Palabras que arañan. Susurro.
–Compréndalo, vamos en busca de una vida mejor.
Sueño en el vacío.
En "El viaje", la voz poética recupera los recuerdos del trayecto y sobre ellos va extendiendo, como capas de pintura, no sólo la reflexión adulta, sino también el mecanismo interior que convierte todo ello en material poético.

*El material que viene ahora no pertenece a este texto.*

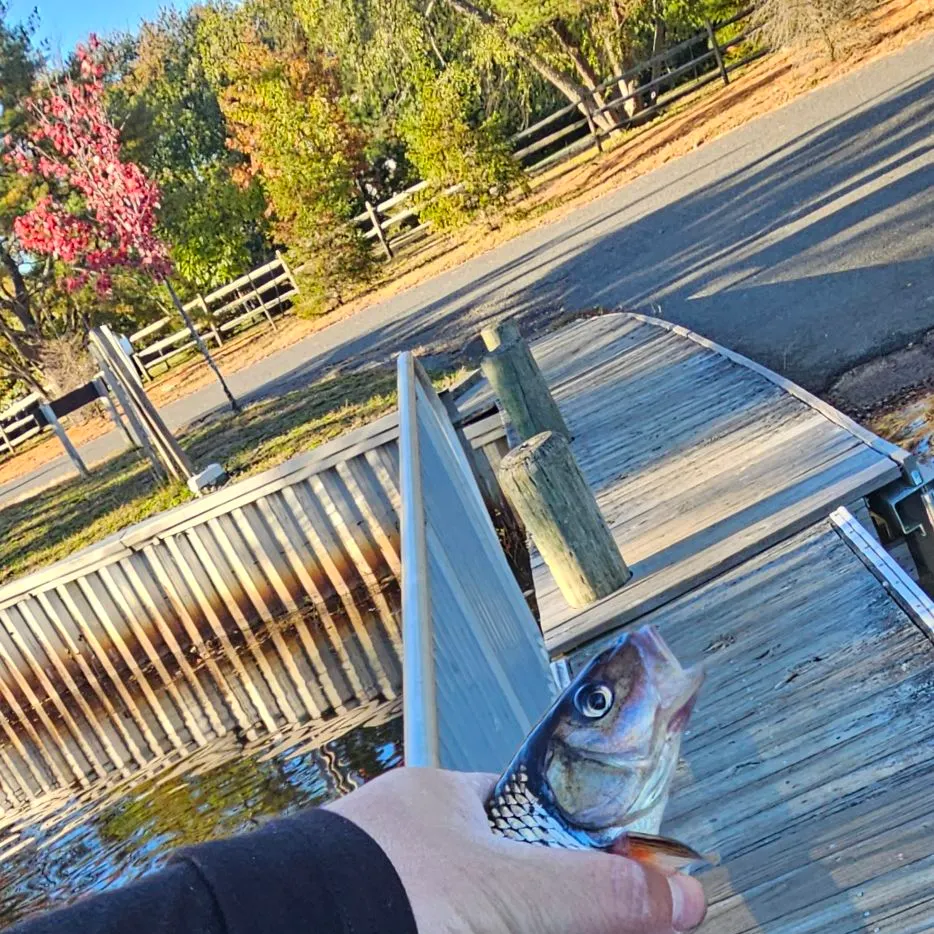 Fallfish caught on Fishbrain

Diciembre, noche, 1962. Apeadero de tren, trasiego de maletas. Una cantina. Café con leche, aguardiente, frío. Un gran reloj marca las doce. Un niño mira y remira. Las agujas no avanzan, reloj fantasma. Por todas partes capotes verdes y voces, voces. Los niños inquietos quieren jugar. ¡Estaos quietos! Grito que oculta el miedo frente a la quietud de la vías. El niño mira a su madre hundido en la penumbra. Lágrima. Sangre y no agua. En sus espaldas un horizonte poblado de cadáveres alimentado por gachas de harinas negras. ¡Mamá, la niña quiere mear! Debajo de la noche el orín moja unos zapatos de plástico. A lo lejos un tren silva, rompe el silencio. Imagen lacrada: estoy sólo ante el relente... la luz indecisa de un cigarro avanza. ¡Preparáos! Cinco o seis maletas de cartón atadas con cuerda. Un botijo lleno de agua. Un hatillo de trapos. Una cesta y cuatro chiquillos. La tristeza-esperanza huía en vagones de tercera vigilada por los hombres-cicuta. Nadie despide al cortejo. Sólo el reloj que señala las doce. ¿Del día o de la noche?
(…)
El tren hace su viaje y la voz poética va y viene de la dureza del viaje a aquello que la familia está dejando atrás. La sequia y el caciquismo que les han empujado a marchar, las blasfemias al recordarlo, el paso del revisor, la bebida y la comida compartida entre viajeros, la abuela que se ha quedado sola en casa ante la lumbre, los viajes al lavabo inmundo, las preguntas de los niños… todo se va posando a lo largo del poema. Hasta que el tren llega a su destino:
(…)
Días de hombres-cicuta: montado en su caballo se untaba de majestad entrando bajo palio. En el compartimiento una copla suena. Voces desafinadas. Fuera de ellas un dedo infantil resbala sobre el cristal, sin retomo posible. ¿Qué hora es? Las... llevamos dieciocho horas en el tren. Tinta sobre papel blanco. La sangre no coagula esparcida por la tormenta. Veintiocho horas de viaje. Estamos llegando… Voces. Voces y capotes. Un frenesí de bultos en la procesión del desamparo. ¡Tened cuidado! ¡No os soltéis de la mano! Humo sobre las personas con ademanes de argolla. Desnudos frente al abismo compartimos él frío. Mientras ante nuestros ojos se extendía el estanque de lo peces dorados...
¡Me cago en Dios y en la puta sequía!